*** Opening of DATA SUPPLIED ***

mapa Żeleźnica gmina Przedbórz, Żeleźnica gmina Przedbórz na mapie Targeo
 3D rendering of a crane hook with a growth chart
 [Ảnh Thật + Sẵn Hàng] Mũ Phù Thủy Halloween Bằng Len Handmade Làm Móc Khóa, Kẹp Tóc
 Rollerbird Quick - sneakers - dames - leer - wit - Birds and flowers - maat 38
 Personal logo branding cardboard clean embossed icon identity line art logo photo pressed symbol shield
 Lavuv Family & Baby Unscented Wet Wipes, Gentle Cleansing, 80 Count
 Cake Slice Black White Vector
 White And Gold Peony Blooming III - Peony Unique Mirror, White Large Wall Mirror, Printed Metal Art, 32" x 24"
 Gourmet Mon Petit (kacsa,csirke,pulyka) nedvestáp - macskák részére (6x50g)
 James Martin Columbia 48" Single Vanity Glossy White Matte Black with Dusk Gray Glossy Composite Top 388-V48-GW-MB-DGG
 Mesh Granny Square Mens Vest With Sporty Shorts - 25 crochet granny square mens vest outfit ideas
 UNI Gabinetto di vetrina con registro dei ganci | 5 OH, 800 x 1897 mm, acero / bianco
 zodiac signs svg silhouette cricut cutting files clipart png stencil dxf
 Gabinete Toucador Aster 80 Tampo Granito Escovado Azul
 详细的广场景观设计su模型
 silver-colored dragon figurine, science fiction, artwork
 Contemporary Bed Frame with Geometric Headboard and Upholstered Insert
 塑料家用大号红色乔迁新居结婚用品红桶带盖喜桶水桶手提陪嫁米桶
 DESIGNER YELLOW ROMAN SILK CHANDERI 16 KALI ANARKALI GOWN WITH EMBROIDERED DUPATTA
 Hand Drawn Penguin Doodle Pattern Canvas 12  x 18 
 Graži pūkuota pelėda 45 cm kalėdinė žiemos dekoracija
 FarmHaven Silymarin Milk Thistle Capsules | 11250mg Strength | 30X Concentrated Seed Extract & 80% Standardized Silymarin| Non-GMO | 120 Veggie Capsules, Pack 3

*** Close of DATA SUPPLIED ***

DESCRIPTION OF THE TASK ▸
The answer must contain every line of the material, unchanged.

ANSWER SECTION ▸
mapa Żeleźnica gmina Przedbórz, Żeleźnica gmina Przedbórz na mapie Targeo
 3D rendering of a crane hook with a growth chart
 [Ảnh Thật + Sẵn Hàng] Mũ Phù Thủy Halloween Bằng Len Handmade Làm Móc Khóa, Kẹp Tóc
 Rollerbird Quick - sneakers - dames - leer - wit - Birds and flowers - maat 38
 Personal logo branding cardboard clean embossed icon identity line art logo photo pressed symbol shield
 Lavuv Family & Baby Unscented Wet Wipes, Gentle Cleansing, 80 Count
 Cake Slice Black White Vector
 White And Gold Peony Blooming III - Peony Unique Mirror, White Large Wall Mirror, Printed Metal Art, 32" x 24"
 Gourmet Mon Petit (kacsa,csirke,pulyka) nedvestáp - macskák részére (6x50g)
 James Martin Columbia 48" Single Vanity Glossy White Matte Black with Dusk Gray Glossy Composite Top 388-V48-GW-MB-DGG
 Mesh Granny Square Mens Vest With Sporty Shorts - 25 crochet granny square mens vest outfit ideas
 UNI Gabinetto di vetrina con registro dei ganci | 5 OH, 800 x 1897 mm, acero / bianco
 zodiac signs svg silhouette cricut cutting files clipart png stencil dxf
 Gabinete Toucador Aster 80 Tampo Granito Escovado Azul
 详细的广场景观设计su模型
 silver-colored dragon figurine, science fiction, artwork
 Contemporary Bed Frame with Geometric Headboard and Upholstered Insert
 塑料家用大号红色乔迁新居结婚用品红桶带盖喜桶水桶手提陪嫁米桶
 DESIGNER YELLOW ROMAN SILK CHANDERI 16 KALI ANARKALI GOWN WITH EMBROIDERED DUPATTA
 Hand Drawn Penguin Doodle Pattern Canvas 12  x 18 
 Graži pūkuota pelėda 45 cm kalėdinė žiemos dekoracija
 FarmHaven Silymarin Milk Thistle Capsules | 11250mg Strength | 30X Concentrated Seed Extract & 80% Standardized Silymarin| Non-GMO | 120 Veggie Capsules, Pack 3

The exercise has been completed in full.